Is it Time to Hire Your First Employee?
Small businesses have been growing in recent years. This results in more responsibilities and tasks that need to be done. To keep up with growth, many small businesses owners take on additional responsibilities themselves which can become increasingly difficult This means it may be time to bring in some reinforcements. But before you start your search for the perfect employee, consider the following points:
- Expenses. Can you afford an employee? Salary and benefits are ongoing costs, but you also need to factor in expenses that will be necessary to equip an employee to do the job you have in mind. This includes buying new computers, furniture and other amenities.
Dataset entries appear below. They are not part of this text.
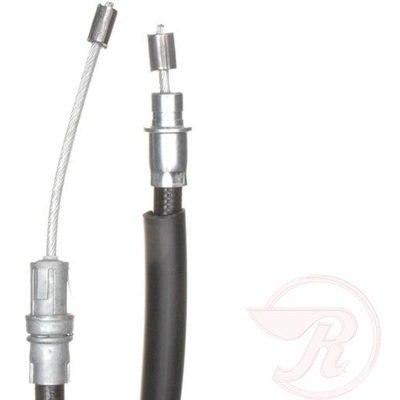 Rear Brake Cable by RAYBESTOS - BC94696 pa5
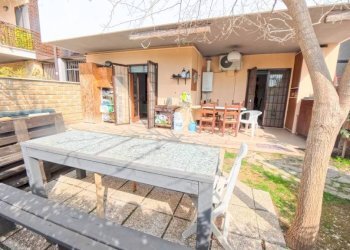 Giardino - Bilocale via Luigi Cochetti, Roma - foto 25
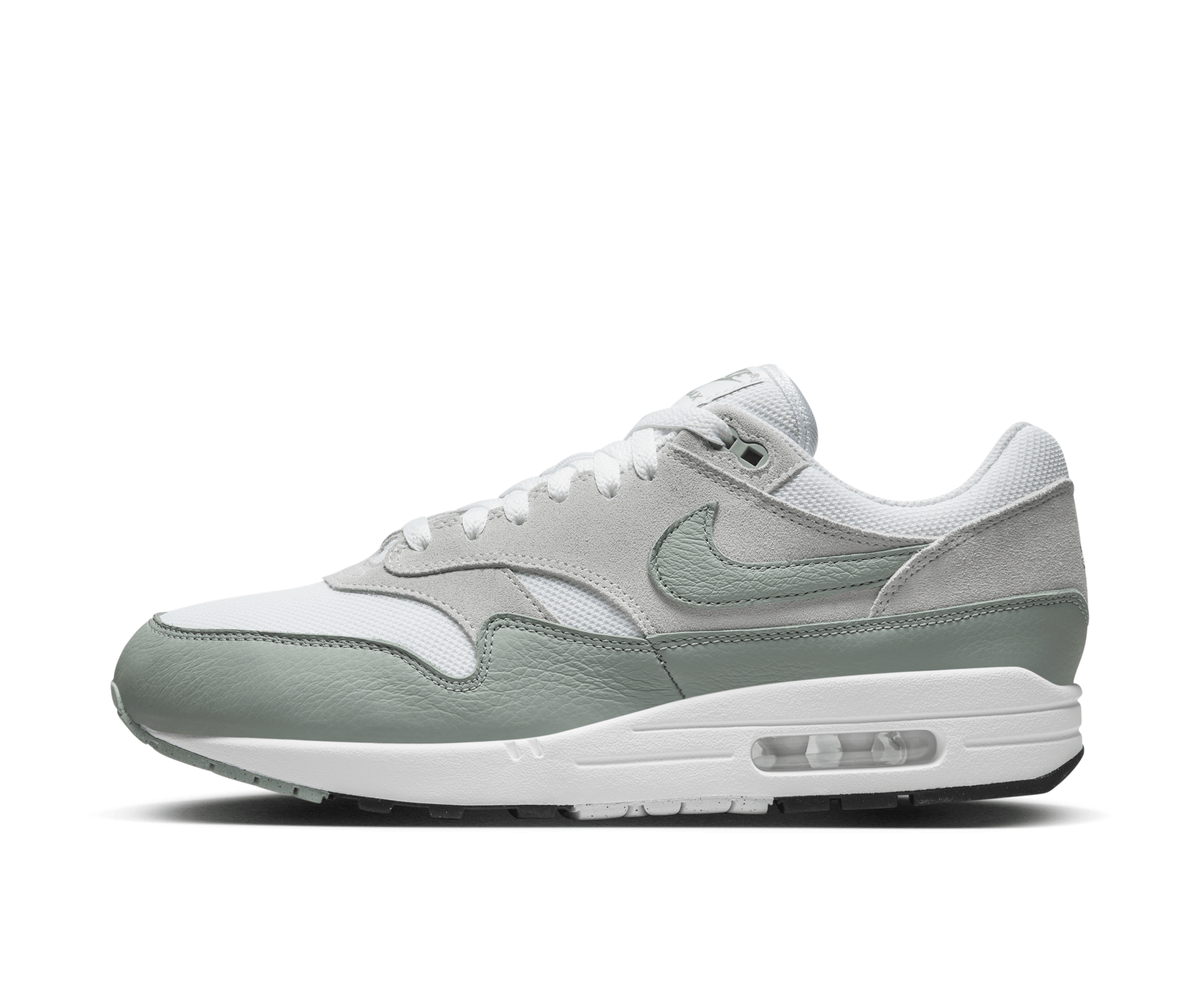 Nike Air Max 1 White Mica Green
It can also mean moving to a larger physical space. There will also be legal requirements and tax expenses, like unemployment insurance and payroll taxes to handle.
- Time spent searching and hiring. The hiring process involves writing a job description and posting it on boards or search engines. From there, you will need to search, screen, and interview candidates. This can be time consuming. Make sure you can spare that time without hurting productivity too much. Keep in mind the increased productivity you’ll gain once you get your employee in the door.
- Consultants and freelancers. It might be more cost-effective to hire a consultant or independent contractor on a project basis if your needs are not long-term. If you’re looking to grow your business organically, you’ll likely want to bring in a salaried employee to provide more consistency.
- Part-time vs. full-time. This, too, is often a cost-based decision. Part timers require less compensation, benefits and often have scheduling flexibility. However, these advantages may be offset by less loyalty and higher turnover, which could increase your training costs. Full-time employees have the potential for higher productivity, more loyalty and solid team unity. Although compensation and benefits costs are higher. Make sure you have enough work to justify paying someone 40 hours a week over the long haul.